Data extracted from a collection:
▬▬▬▬▬▬▬▬▬▬

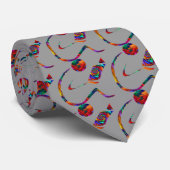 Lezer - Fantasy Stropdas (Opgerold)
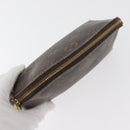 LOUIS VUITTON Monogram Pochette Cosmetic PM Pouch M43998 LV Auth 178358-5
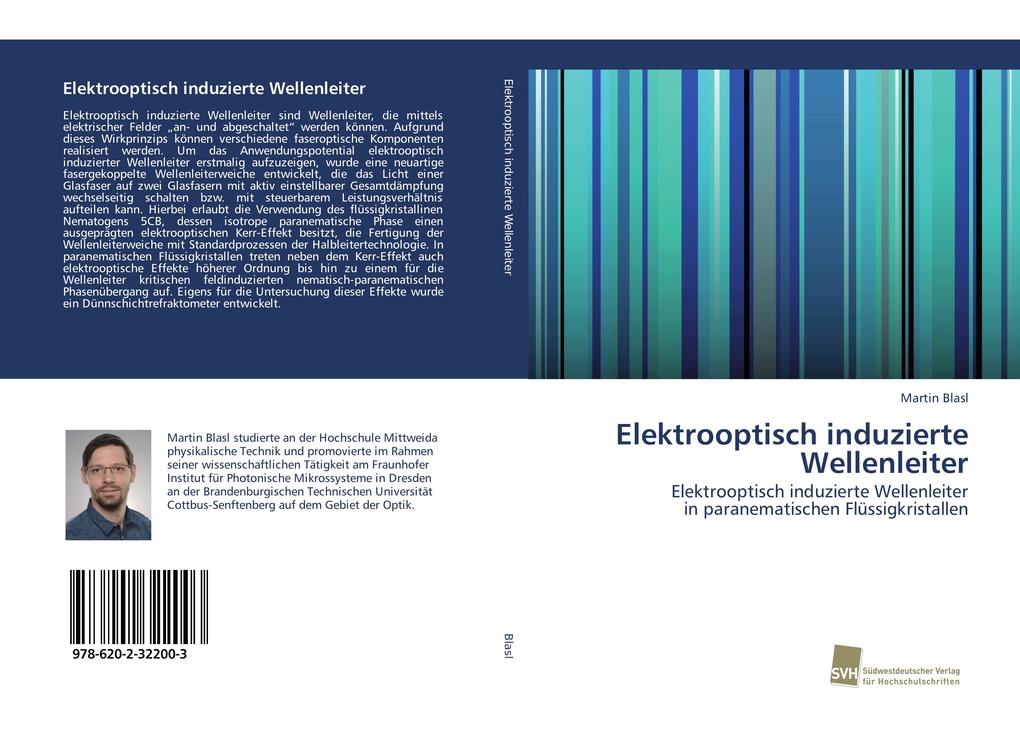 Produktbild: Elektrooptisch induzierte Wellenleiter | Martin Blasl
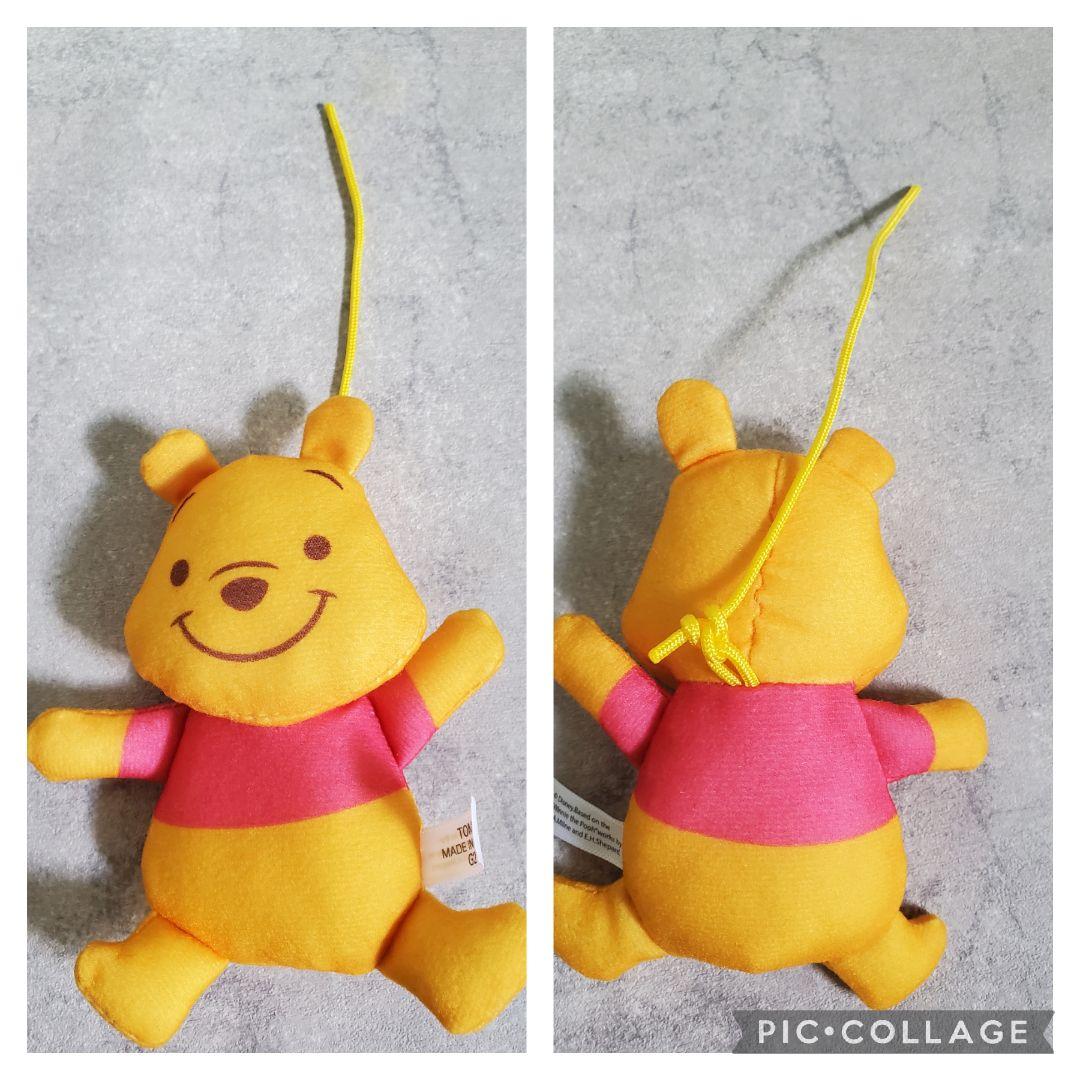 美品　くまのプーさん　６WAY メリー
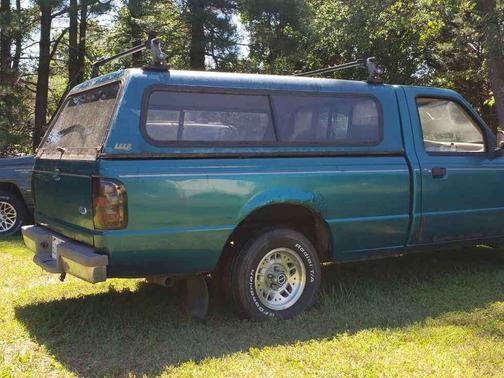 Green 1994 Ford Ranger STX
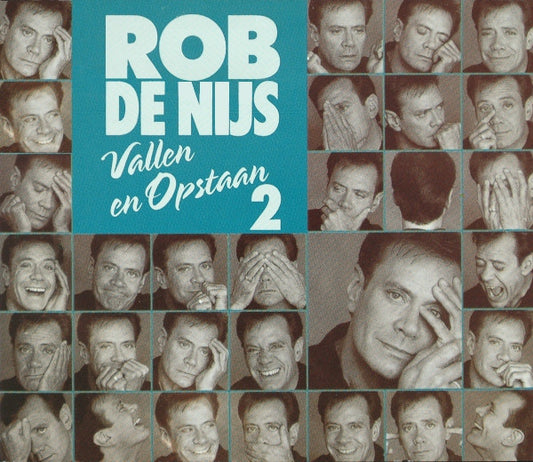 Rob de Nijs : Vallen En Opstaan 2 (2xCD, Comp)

▬▬▬▬▬▬▬▬▬▬

A faithful copy of the data above is wanted, with every image left out.

 Lezer - Fantasy Stropdas (Opgerold)
 LOUIS VUITTON Monogram Pochette Cosmetic PM Pouch M43998 LV Auth 178358-5
 Produktbild: Elektrooptisch induzierte Wellenleiter | Martin Blasl
 美品　くまのプーさん　６WAY メリー
 Green 1994 Ford Ranger STX
 Rob de Nijs : Vallen En Opstaan 2 (2xCD, Comp)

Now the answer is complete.